# Levi-Civita connection

An affine connection on a Riemannian space $ M $
that is a Riemannian connection (that is, a connection with respect to which the metric tensor is covariantly constant) and has zero torsion. An affine connection on $ M $
is determined uniquely by these conditions, hence every Riemannian space $ M $
has a unique Levi-Civita connection. This concept first arose in 1917 with T. Levi-Civita [1] as the concept of parallel displacement of a vector in Riemannian geometry.
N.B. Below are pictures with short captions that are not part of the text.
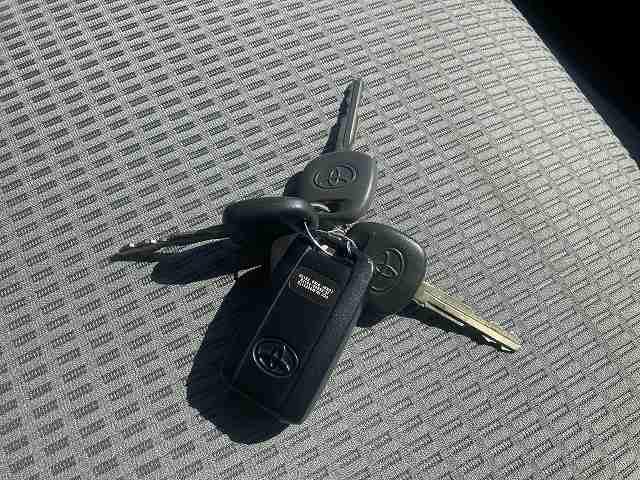 トヨタ Wキャブ トヨエース|中古トラックの販売・買取・査定のアイナビ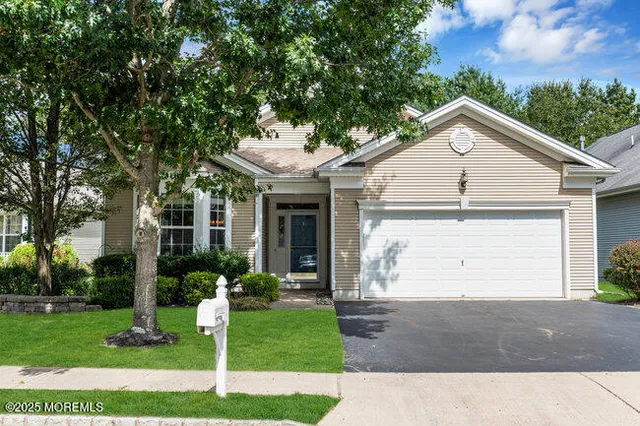 $495,000 | 5 Banstead Way, Jackson, NJ 08527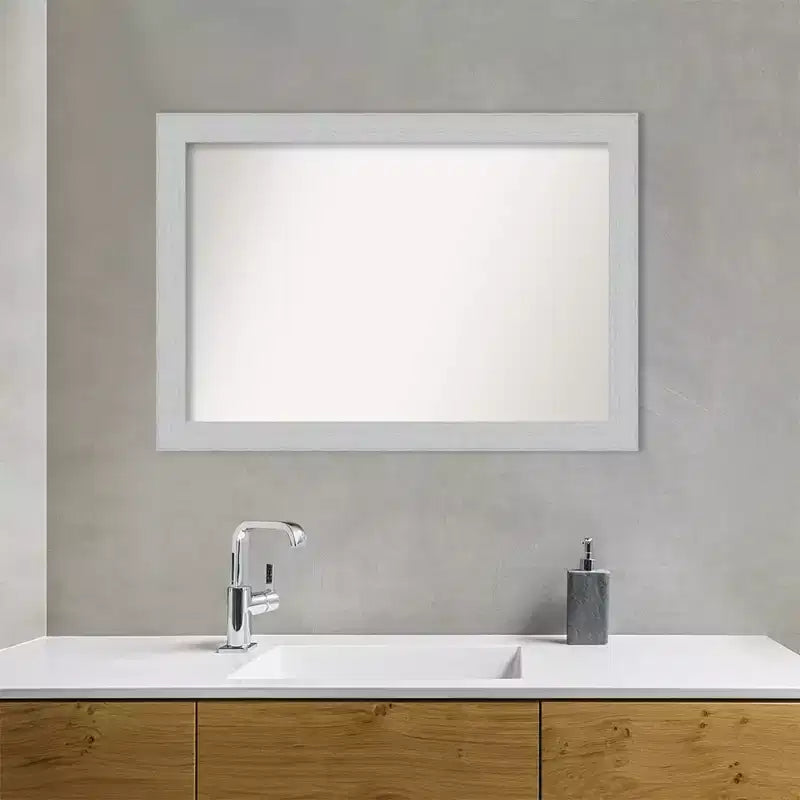 Miroir mural de salle de bain Amanti Art en bois blanc shiplap sans biseau 40" x 28" : matériel de fixation inclus, forme rectangulaire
The idea itself goes back to F. Minding, who in 1837 introduced the concept of the involute of a curve on a surface.

With respect to a local coordinate system in $ M $, where $ d s ^ {2} = g _ {ij} d x ^ {i} d x ^ {j} $, the Levi-Civita connection on $ M $ is defined by the forms $ \omega _ {j} ^ {i} = \{ _ {jk} ^ { i } \} d x ^ {k} $, where

$$ \left \{ \begin{array}{c} i \\ jk \end{array} \right \} = \frac{1}{2} g ^ {il} \left ( \frac{\partial g _ {lj} }{\partial x ^ {k} } + \frac{\partial g _ {lk} }{\partial x ^ {j} } - \frac{\partial g _ {jk} }{\partial x ^ {l} } \right ) ; $$

its curvature tensor $ R _ {jkl} ^ {i} $ is defined by the formula

$$ d \omega _ {j} ^ {i} + \omega _ {k} ^ {i} \wedge \omega _ {j} ^ {k} = \frac{1}{2} R _ {jkl} ^ {i} d x ^ {k} \wedge d x ^ {l} . $$

Let $ R _ {ij,kl} = g _ {im} R _ {jkl} ^ {m} $; then

$$ R _ {ij,kl} = \frac{1}{2} \left \{ \frac{\partial ^ {2} g _ {jk} }{\partial x ^ {i} \partial x ^ {l} } - \frac{\partial ^ {2} g _ {jl} }{\partial x ^ {i} \partial x ^ {k} } - \frac{\partial ^ {2} g _ {ik} }{\partial x ^ {j} \partial x ^ {l} } + \frac{\partial ^ {2} g _ {il} }{\partial x ^ {j} \partial x ^ {k} } \right \} + $$

$$ + g _ {pq} \left ( \left \{ \begin{array}{c} p \\ il \end{array} \right \} \left \{ \begin{array}{c} q \\ jk \end{array} \right \} - \left \{ \begin{array}{c} p \\ ik \end{array} \right \} \left \{ \begin{array}{c} q \\ jl \end{array} \right \} \right ) ; $$

thus:

$$ R _ {ij,kl} = - R _ {ij,lk} ,\ \ R _ {ij,kl} = R _ {kl,ij} , $$

$$ R _ {ij,kl} + R _ {ik,lj} + R _ {il,jk} = 0 . $$

The curvature tensor of the Levi-Civita connection has $ n ^ {2} ( n ^ {2} - 1 ) / 12 $ essential components, where $ n = \mathop{\rm dim} M $. For example, for $ n = 2 $ there is only one essential component: $ R _ {12,12} = K \mathop{\rm det} | g _ {ij} | $, where $ K $ is the Gaussian curvature.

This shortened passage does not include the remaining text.